» **Task description**:
Would you filter the listing below so that only lines with the word "House" remain?

» **The input**:
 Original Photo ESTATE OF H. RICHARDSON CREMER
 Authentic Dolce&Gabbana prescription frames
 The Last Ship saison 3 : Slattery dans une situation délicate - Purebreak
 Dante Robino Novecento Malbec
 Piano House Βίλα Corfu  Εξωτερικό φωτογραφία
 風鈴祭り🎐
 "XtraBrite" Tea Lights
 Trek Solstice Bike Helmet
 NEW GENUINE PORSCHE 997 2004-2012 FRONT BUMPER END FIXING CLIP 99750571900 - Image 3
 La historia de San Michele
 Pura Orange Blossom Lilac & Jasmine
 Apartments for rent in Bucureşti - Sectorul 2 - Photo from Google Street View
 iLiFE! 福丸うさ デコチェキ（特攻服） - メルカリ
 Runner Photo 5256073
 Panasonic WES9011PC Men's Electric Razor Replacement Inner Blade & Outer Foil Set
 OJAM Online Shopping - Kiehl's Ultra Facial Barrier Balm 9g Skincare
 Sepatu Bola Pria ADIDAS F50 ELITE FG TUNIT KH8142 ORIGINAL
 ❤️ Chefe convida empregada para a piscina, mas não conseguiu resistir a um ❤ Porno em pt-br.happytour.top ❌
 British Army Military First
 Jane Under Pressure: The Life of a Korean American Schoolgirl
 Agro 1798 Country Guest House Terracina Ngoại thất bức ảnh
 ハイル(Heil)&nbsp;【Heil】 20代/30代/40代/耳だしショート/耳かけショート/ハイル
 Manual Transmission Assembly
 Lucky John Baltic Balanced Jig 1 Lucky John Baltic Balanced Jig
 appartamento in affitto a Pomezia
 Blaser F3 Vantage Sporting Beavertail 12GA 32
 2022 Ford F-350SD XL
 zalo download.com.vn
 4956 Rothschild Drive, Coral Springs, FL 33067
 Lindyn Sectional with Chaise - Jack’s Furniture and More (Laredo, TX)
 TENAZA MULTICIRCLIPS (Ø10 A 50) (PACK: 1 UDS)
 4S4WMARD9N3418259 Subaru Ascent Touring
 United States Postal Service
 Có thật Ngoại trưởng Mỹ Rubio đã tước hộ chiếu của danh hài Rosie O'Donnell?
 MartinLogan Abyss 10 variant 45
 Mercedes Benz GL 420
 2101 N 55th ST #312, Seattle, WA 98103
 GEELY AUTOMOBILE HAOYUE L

» **Answer box**:
 Piano House Βίλα Corfu  Εξωτερικό φωτογραφία
 Agro 1798 Country Guest House Terracina Ngoại thất bức ảnh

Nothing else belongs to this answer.